The task - Set the images aside and retype the whole listing exactly.

++++ Extracted information

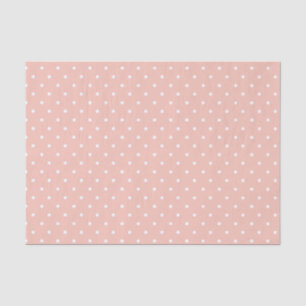 Blush en White Polka Dot Tissue Paper Tissuepapier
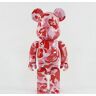 YBIOK Bearbrick gewelddadige beer figuur, model handgemaakt verzamelspeelgoed cadeau mode ornament sculptuur, doe-het-zelf kits voor volwassenen/28 cm (roze)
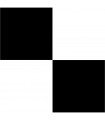 Fotogrammetrie doelen 80x80cm (set van 30)
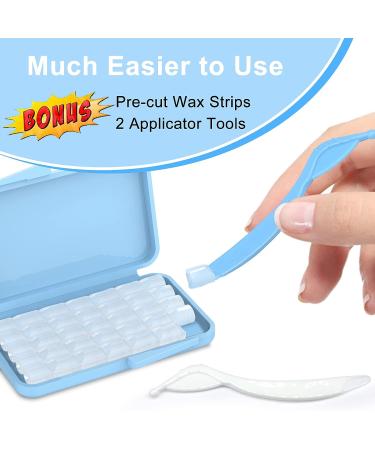 Braces Wax 10 Pack with 50 Precut Wax Strips - Food-Grade Dental Wax for Braces & Aligners - Mint+Aloe Vera+Vitamin E - Stick Better - Includes Storage Box & Applicator Tools - Buy Online on GoSupps.com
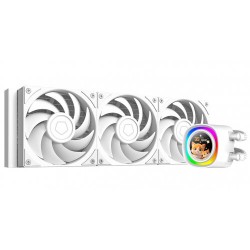 Система жидкостного охлаждения ID-Cooling FX360 LCD PE WHITE (белый)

++++++++

Solved problem -
 Blush en White Polka Dot Tissue Paper Tissuepapier
 YBIOK Bearbrick gewelddadige beer figuur, model handgemaakt verzamelspeelgoed cadeau mode ornament sculptuur, doe-het-zelf kits voor volwassenen/28 cm (roze)
 Fotogrammetrie doelen 80x80cm (set van 30)
 Braces Wax 10 Pack with 50 Precut Wax Strips - Food-Grade Dental Wax for Braces & Aligners - Mint+Aloe Vera+Vitamin E - Stick Better - Includes Storage Box & Applicator Tools - Buy Online on GoSupps.com
 Система жидкостного охлаждения ID-Cooling FX360 LCD PE WHITE (белый)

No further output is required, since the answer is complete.